== WORK REQUIRED ==
Where a picture appears, leave it out, and transcribe all the lines below exactly.

== GIVEN ENTRIES ==
'''

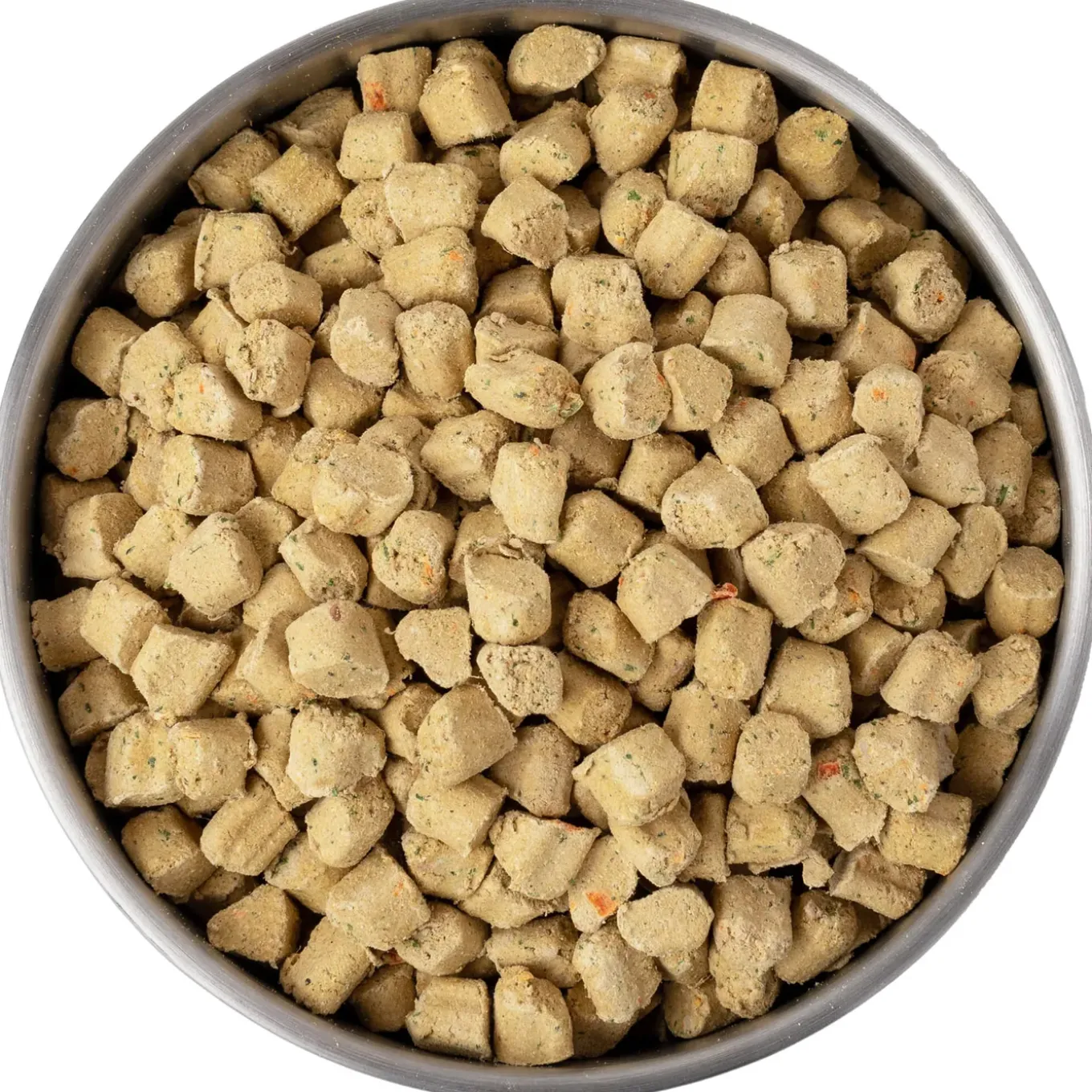 Primal Feline Kibble in the Raw Freeze-Dried Cat Food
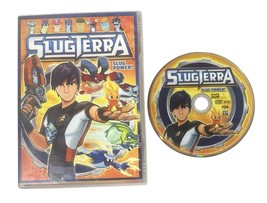 Slugterra: Slug Power! Animated Sci Fi DVD Anime Manga - $12.86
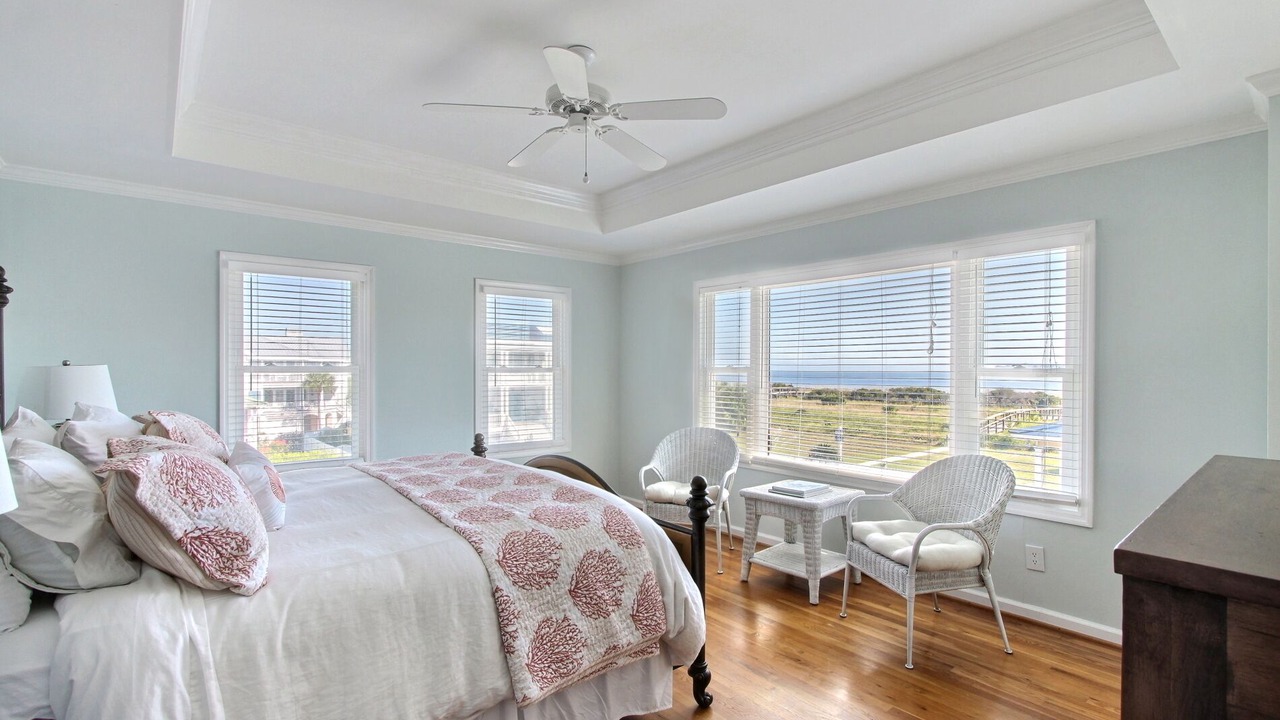 Photo of Bedroom in Tybee Island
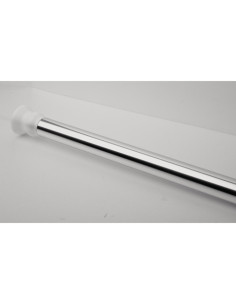 Dušas aizk. stanga teleskop. 70-115 cm 25mm hroms 2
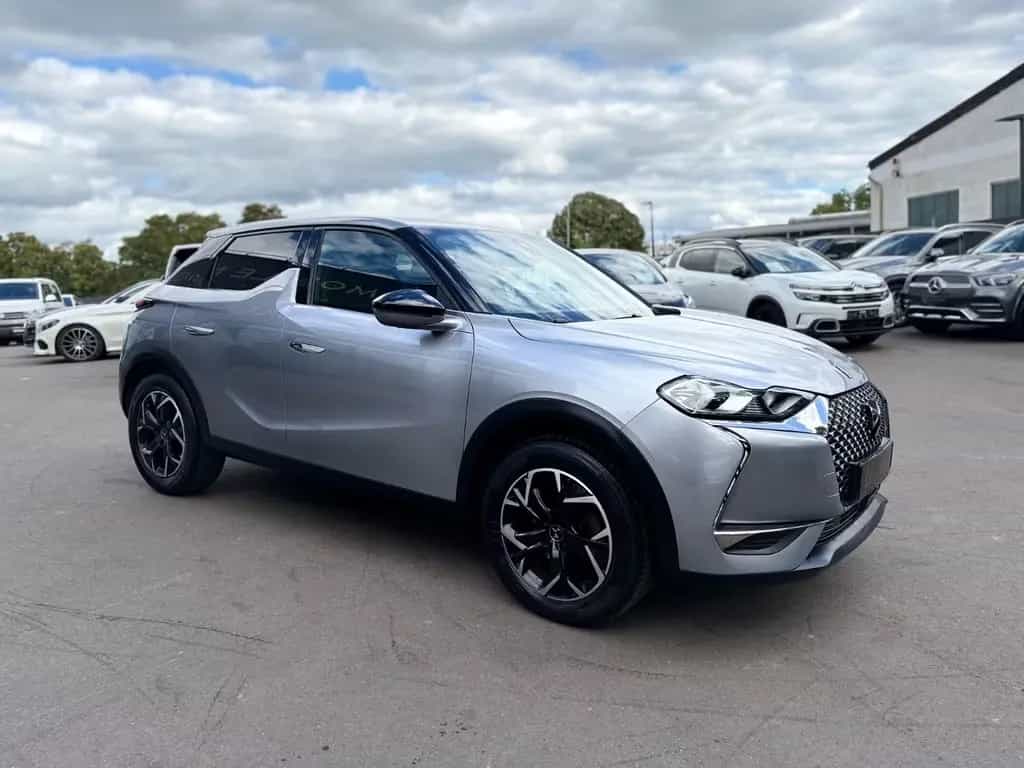 DS Automobiles DS3 DS 3 CROSSBACK SO CHIC *TEMPOMAT*LED* 06/2019-photo-5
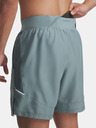 Under Armour Мъжки къси панталони Under Armour UA LAUNCH PRO 2n1 7'' SHORTS-GRN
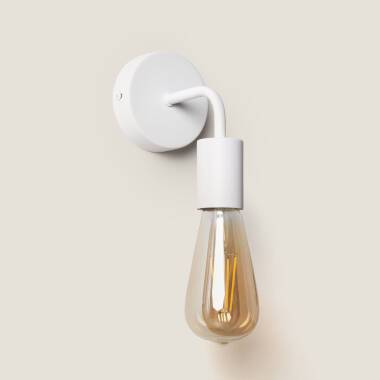 Wandlamp Metaal Jayso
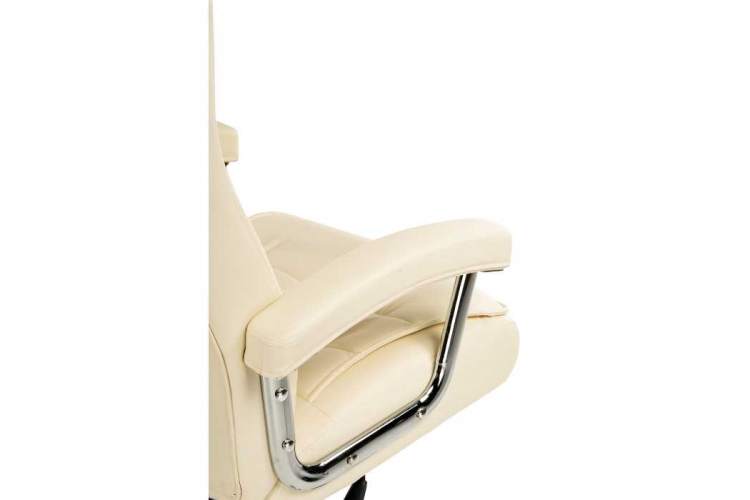 Офисное кресло Idon cream-9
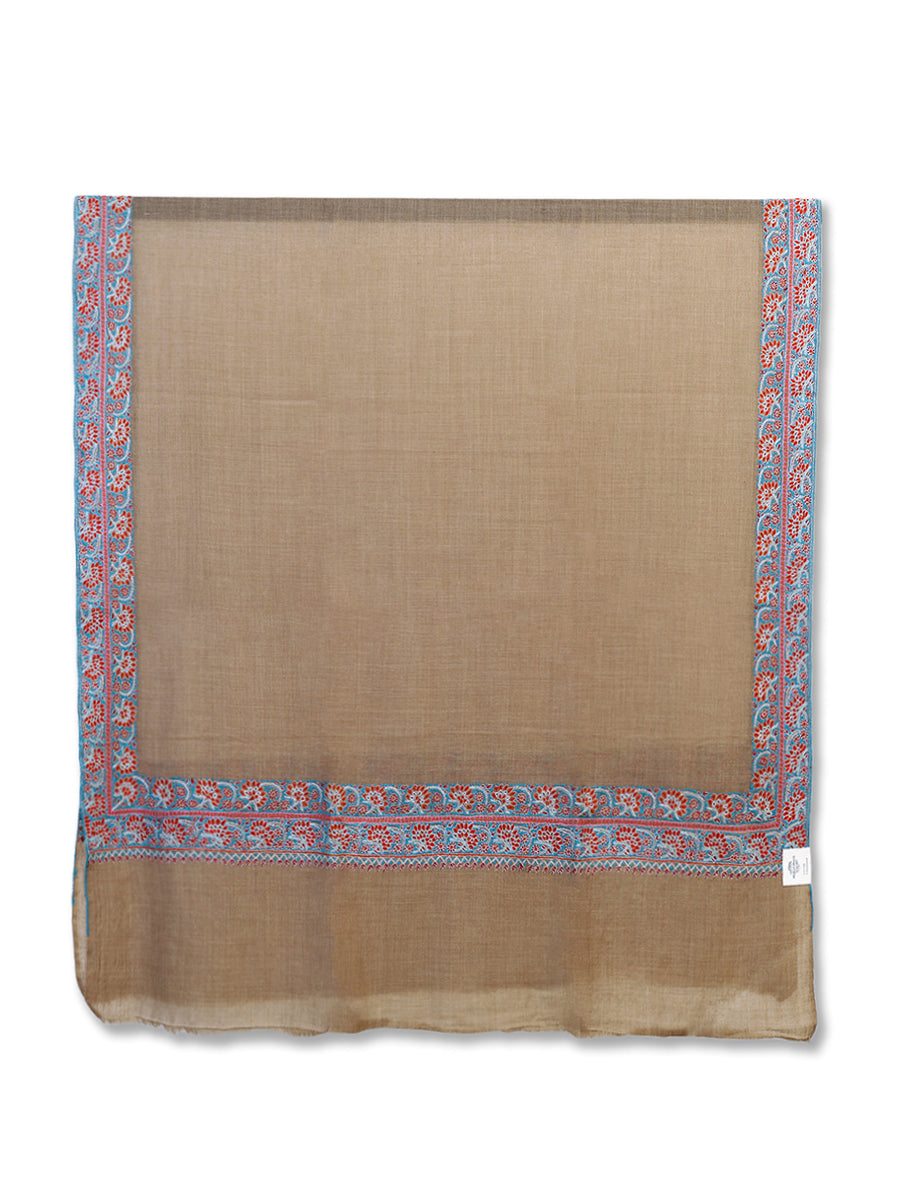 HS Pashmina Sui Jal Shawl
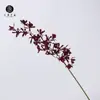 Ventas Directas de Fábrica, Phalaenopsis de Tacto Real, Phalaenopsis, Orquídeas Simuladas, Decoración para Bodas y Hogar, Paisajismo en Maceta, Arte Floral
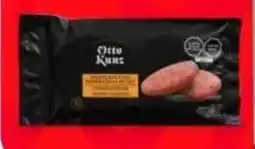Plaza Vea Otto kunz hamburguesa parrillera de res bl oferta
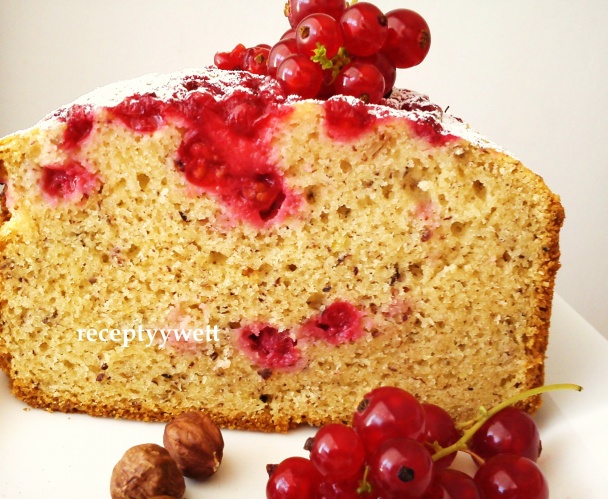 Ríbezľový koláč s lieskovcami z pekárničky (fotorecept) - obrázok 8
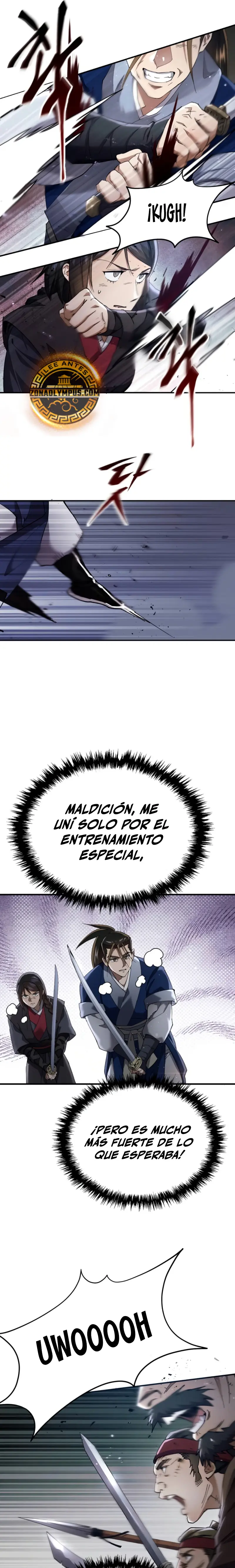 El demonio celestial quiere una vida tranquila > Capitulo 35 > Page 121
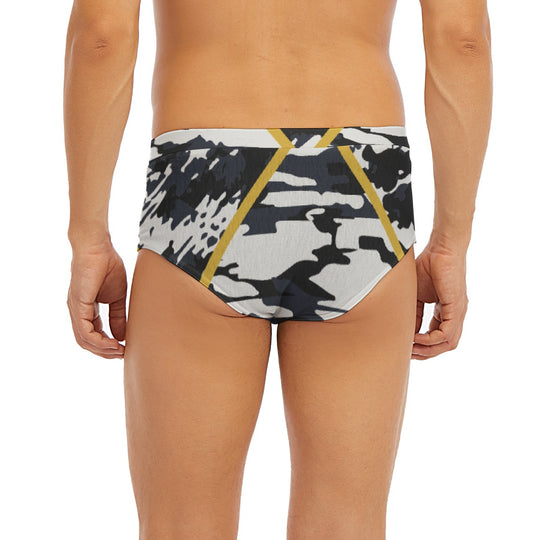 Men's Low-rise Underwear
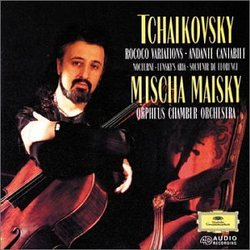 Tchaikovsky: Rococo Variations; Andante cantabile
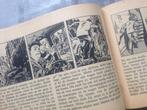 Mister Robinson en de jacht op de linkerschoen - strip 1960, Ophalen of Verzenden, Zo goed als nieuw, Eén stripboek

'''

== RESULT FOR THIS EXERCISE ==
 Primal Feline Kibble in the Raw Freeze-Dried Cat Food
 Slugterra: Slug Power! Animated Sci Fi DVD Anime Manga - $12.86
 Photo of Bedroom in Tybee Island
 Dušas aizk. stanga teleskop. 70-115 cm 25mm hroms 2
 DS Automobiles DS3 DS 3 CROSSBACK SO CHIC *TEMPOMAT*LED* 06/2019-photo-5
 Under Armour Мъжки къси панталони Under Armour UA LAUNCH PRO 2n1 7'' SHORTS-GRN
 Wandlamp Metaal Jayso
 Офисное кресло Idon cream-9
 HS Pashmina Sui Jal Shawl
 Ventas Directas de Fábrica, Phalaenopsis de Tacto Real, Phalaenopsis, Orquídeas Simuladas, Decoración para Bodas y Hogar, Paisajismo en Maceta, Arte Floral
Plaza Vea Otto kunz hamburguesa parrillera de res bl oferta
 Ríbezľový koláč s lieskovcami z pekárničky (fotorecept) - obrázok 8
 El demonio celestial quiere una vida tranquila > Capitulo 35 > Page 121
 Men's Low-rise Underwear
 Tchaikovsky: Rococo Variations; Andante cantabile
 Mister Robinson en de jacht op de linkerschoen - strip 1960, Ophalen of Verzenden, Zo goed als nieuw, Eén stripboek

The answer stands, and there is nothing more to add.